(RECORDS FOR THIS TASK begins)
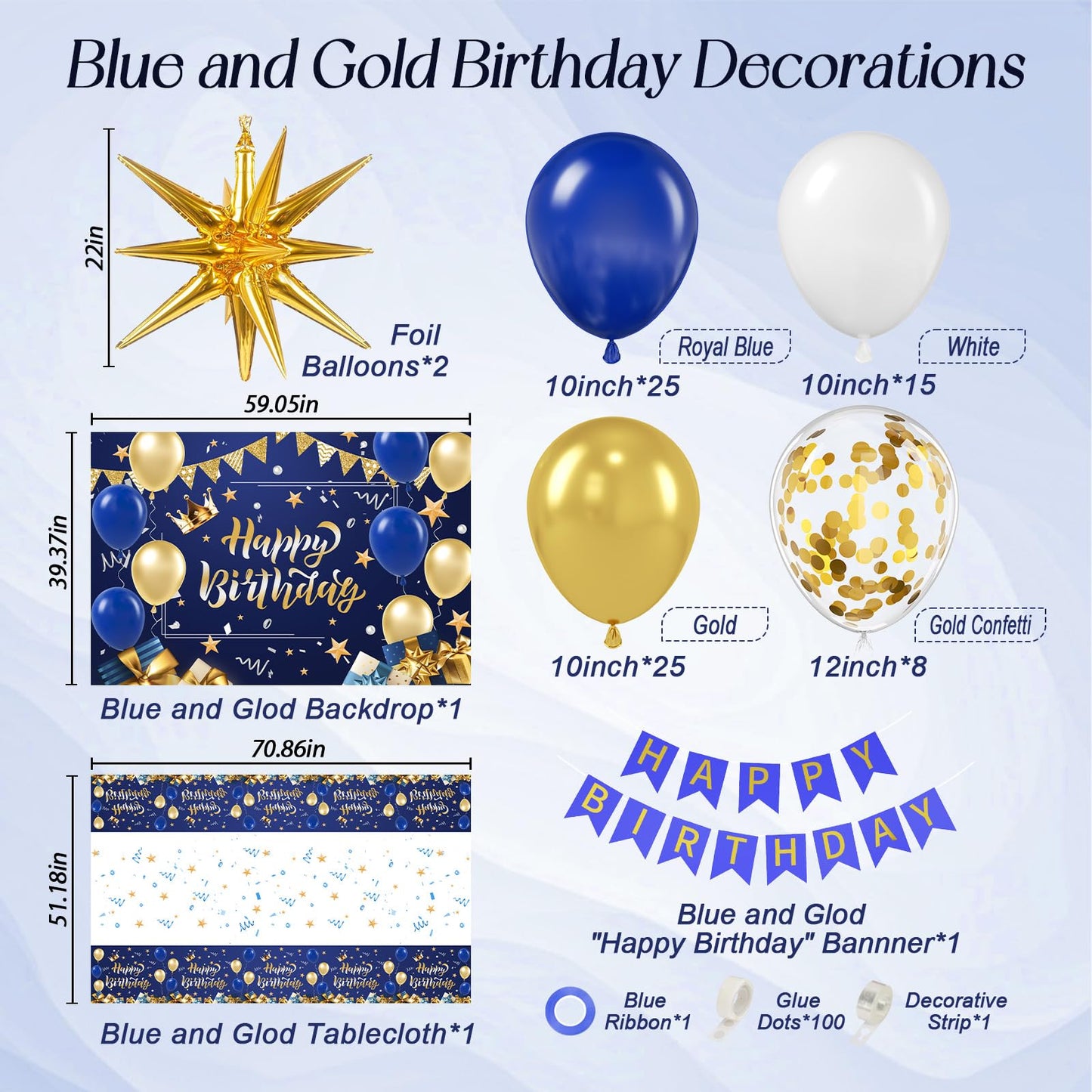 Vicduotex Blue & Gold Birthday Decorations Kit – Balloons, Banner, Backdrop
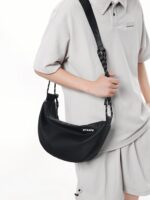 Hong Kong Couple Crossbody Bag Solid Color Women's Shoulder Capacity Dumpling - Image 4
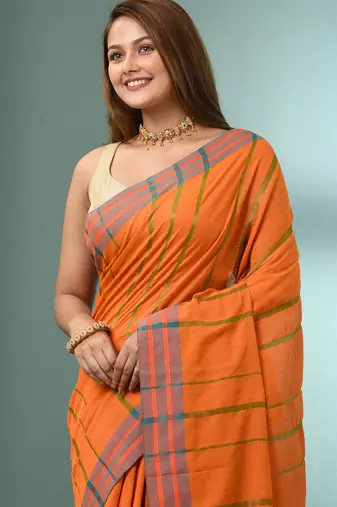 Orange cotton saree with stripes border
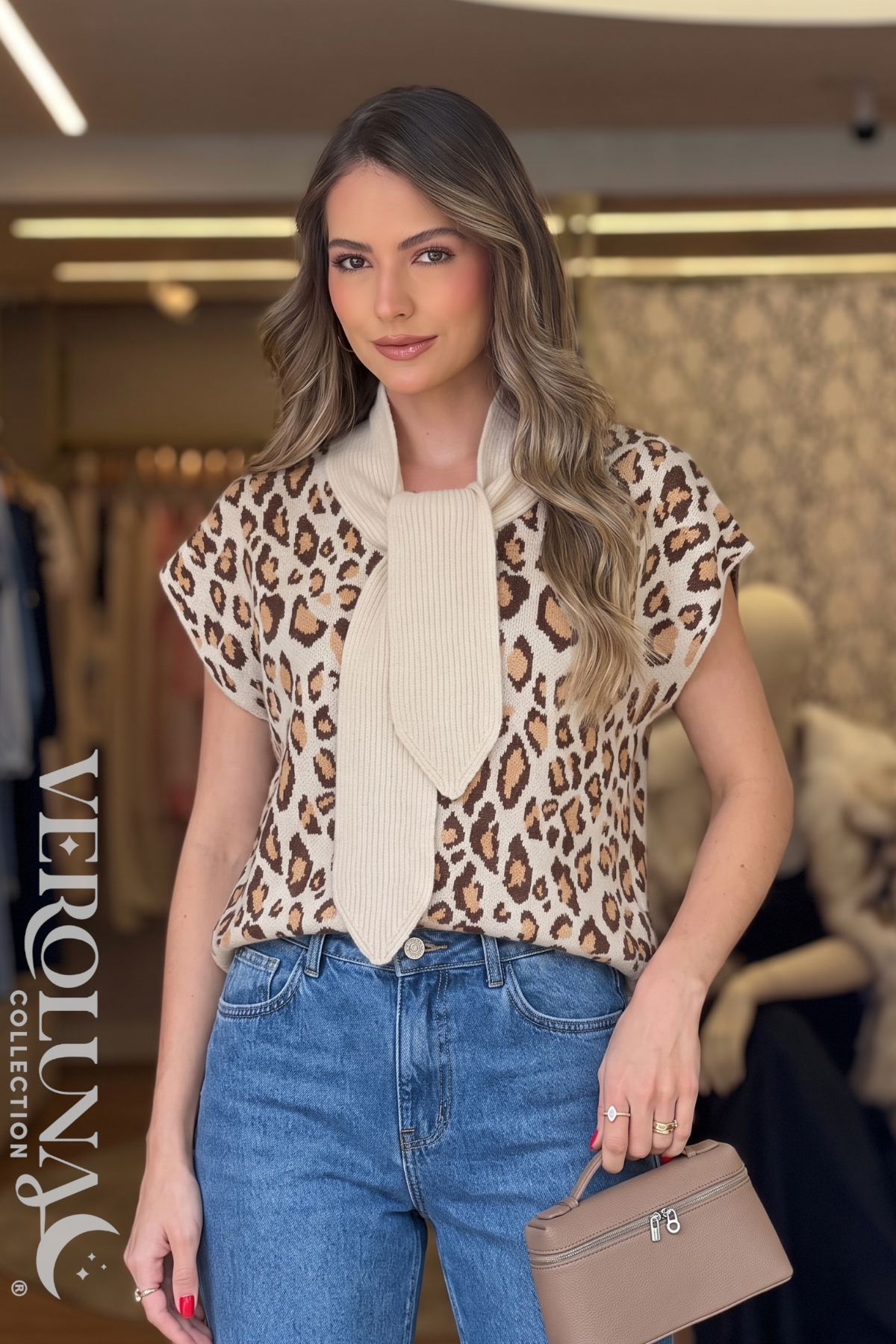 Leopard Knit Scarf Top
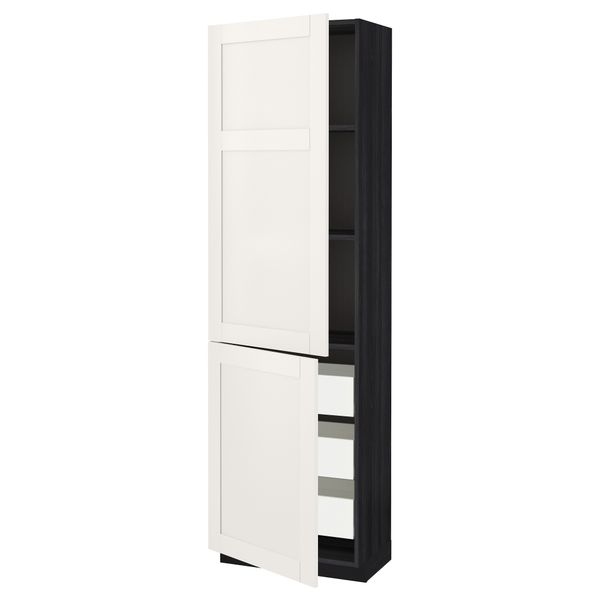 Высокий шкаф + полки, 3 ящика, 2 дверцы МЕТОД / ФОРВАРА, черный, Сэведаль белый - схема-чертеж с размерами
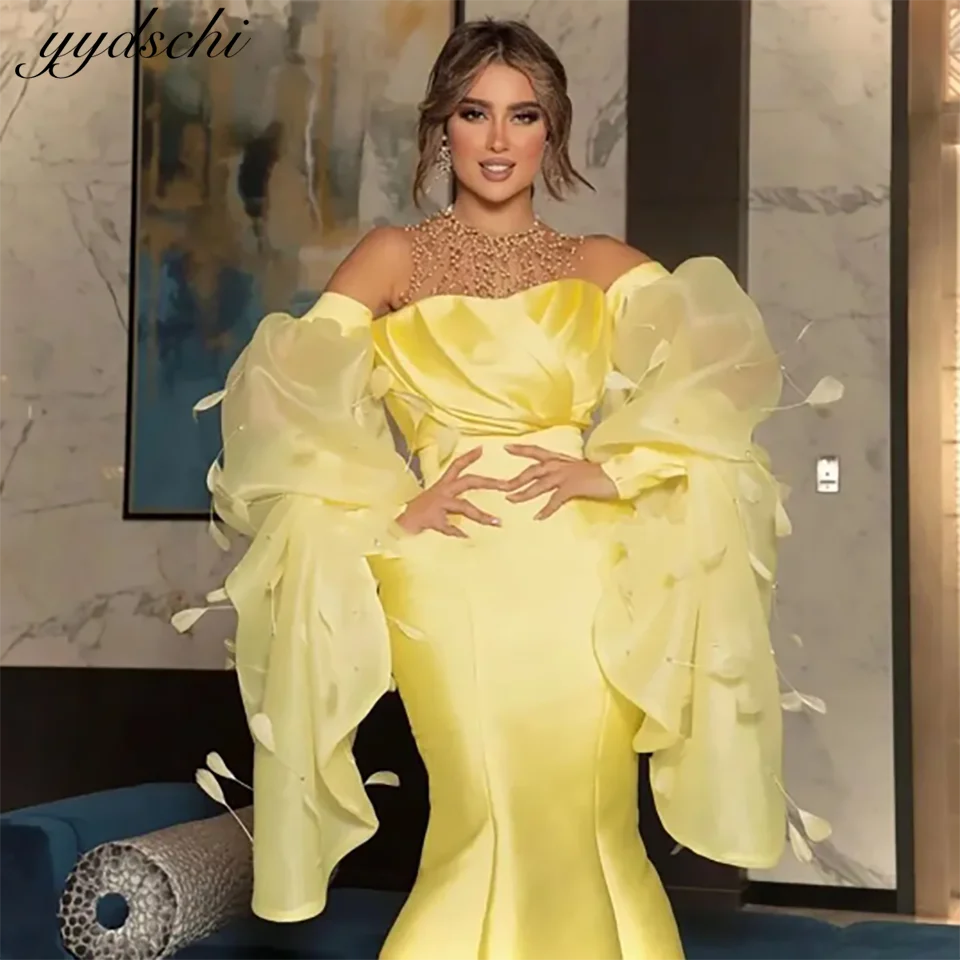 Customized Elegant Yellow Beaded Puff Sleeves Mermaid Wedding Dress 2024 Lace Up Backless Sweep Train Bridal Gown For Women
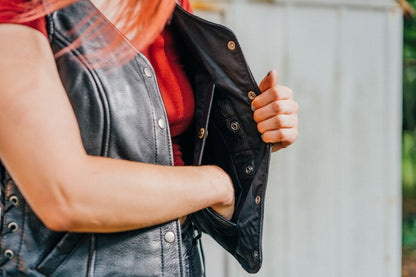 Honey Badger Women's Motorcycle Leather Vest Women's Leather Vest Vests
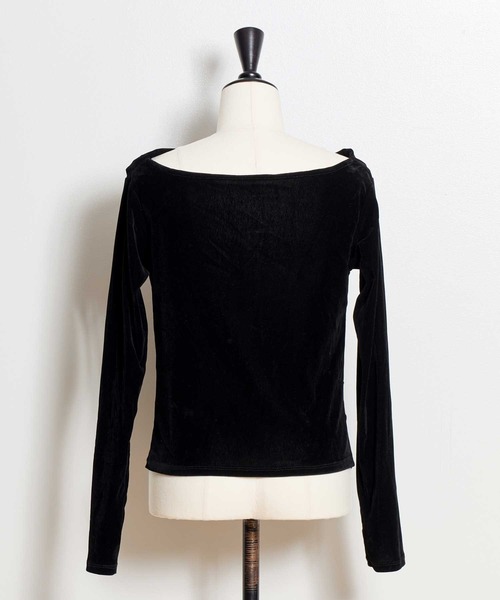 セール】【新色追加】ベロアドレープトップス（Tシャツ/カットソー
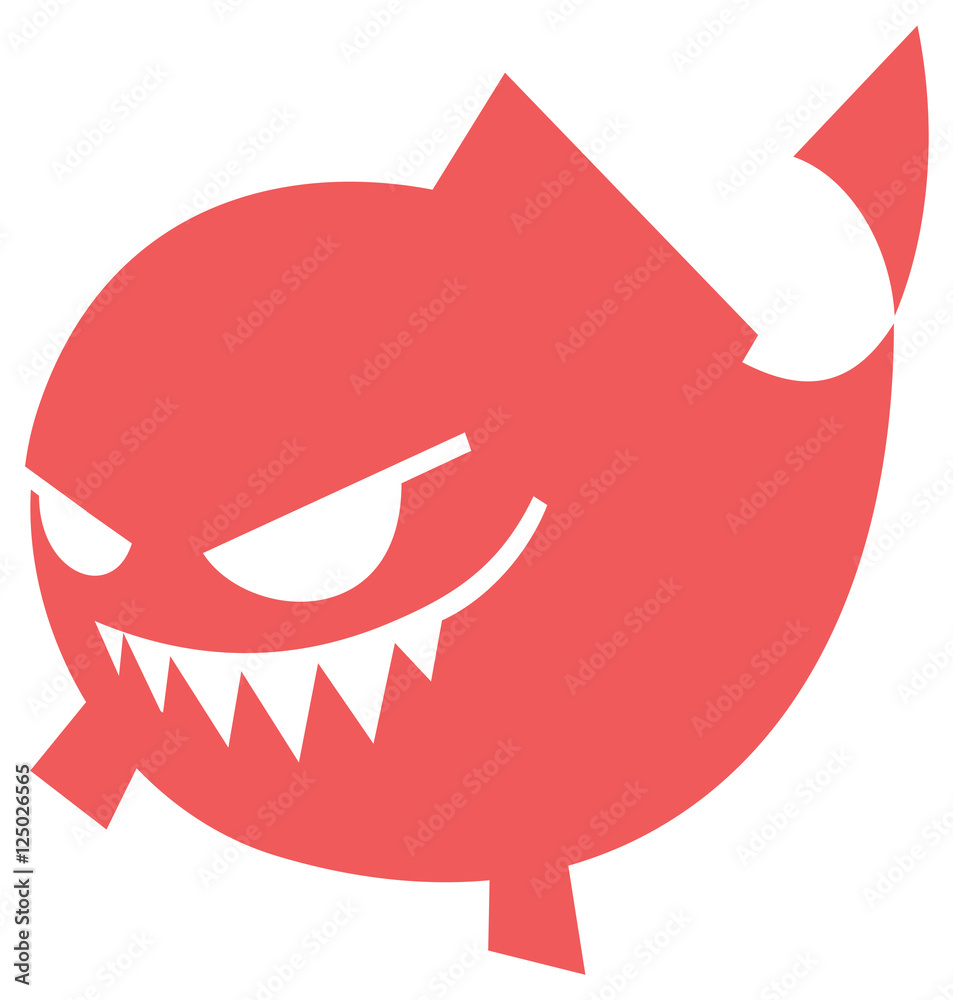 Cartoon Angry fish icon Stock Illustration | Adobe Stock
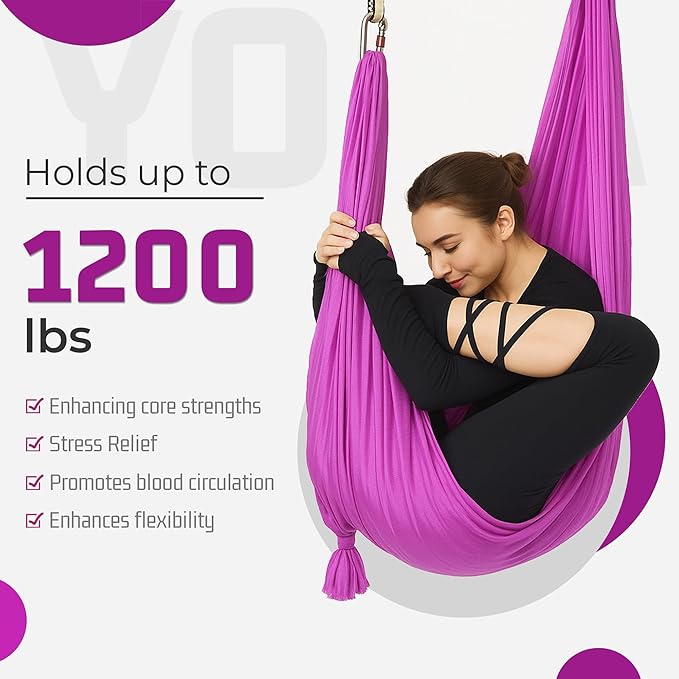 HECASA Aerial Silks Yoga Swing Set, Aerial Yoga Hammock w/Daisy Chain for Home, Inversion Exercises, Strength Training and Starter Kit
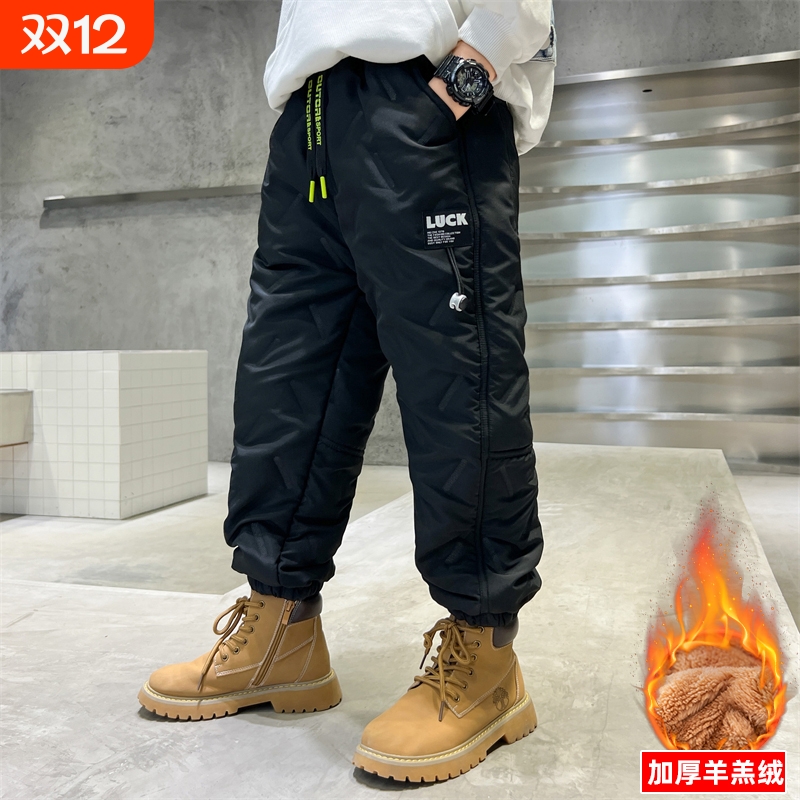 男童羊羔绒加厚保暖棉裤冬款2025新款中大儿童加绒裤子一体绒冬季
(RECORDS FOR THIS TASK ends)
WHAT THE TASK ASKS:
Pictures aside, give the data again exactly as it appears.

EXPECTED OUTPUT:
 Vicduotex Blue & Gold Birthday Decorations Kit – Balloons, Banner, Backdrop
 Hong Kong Couple Crossbody Bag Solid Color Women's Shoulder Capacity Dumpling - Image 4
 Orange cotton saree with stripes border
 Leopard Knit Scarf Top
 Высокий шкаф + полки, 3 ящика, 2 дверцы МЕТОД / ФОРВАРА, черный, Сэведаль белый - схема-чертеж с размерами
 Customized Elegant Yellow Beaded Puff Sleeves Mermaid Wedding Dress 2024 Lace Up Backless Sweep Train Bridal Gown For Women
 Honey Badger Women's Motorcycle Leather Vest Women's Leather Vest Vests
 セール】【新色追加】ベロアドレープトップス（Tシャツ/カットソー
 Cartoon Angry fish icon Stock Illustration | Adobe Stock
 HECASA Aerial Silks Yoga Swing Set, Aerial Yoga Hammock w/Daisy Chain for Home, Inversion Exercises, Strength Training and Starter Kit
 男童羊羔绒加厚保暖棉裤冬款2025新款中大儿童加绒裤子一体绒冬季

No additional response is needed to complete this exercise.